/trans_am

Code for paper: A Neural Transition-based Model for Argumentation Mining.

Primary LanguagePython

Code for our paper:

Jianzhu Bao, Chuang Fan, Jipeng Wu, Yixue Dang, Jiachen Du, and Ruifeng Xu. 2021. A Neural Transition-based Model for Argumentation Mining. In Proceedings of the 59th Annual Meeting of the Association for Computational Linguistics and the 11th International Joint Conference on Natural Language Processing (Volume 1: Long Papers), pages 6354–6364, Online.

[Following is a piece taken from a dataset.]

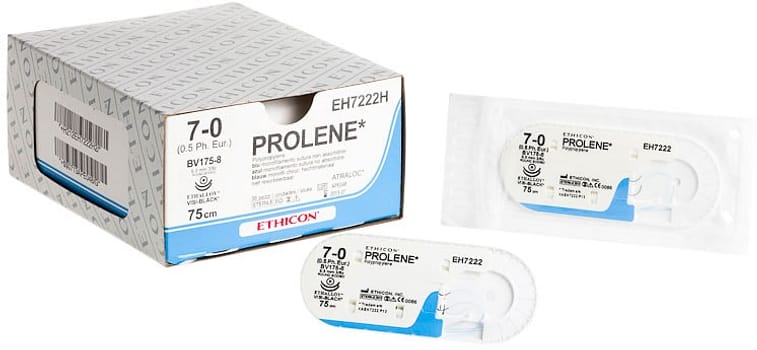 Ethicon Prolene, sutur, 75 cm med C-1 monofil nål, ikke resoberbar, 6-0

Association for Computational Linguistics.

Prerequisites

python 3.6
pytorch 1.7.1
cuda 10.2
transformers 4.2.1
json 2.0.9
numpy 1.19.4
pandas 1.1.5
scikit-learn 0.24.0
tqdm 4.54.1
argparse 1.1

Descriptions

data - contains dataset.

saved_models - contains saved models, training logs and results.

utils - utils code.

  • config.py: parameter setting.
  • evaluation.py: evaluation procedure.
  • dataloader.py - load train, dev, test data.
  • trans_module.py: proposed transition-based model.
  • transitions.py: transform text into transitions.

preprocess_cdcp - utils for process cdcp dataset, adopted from (https://github.com/vene/marseille).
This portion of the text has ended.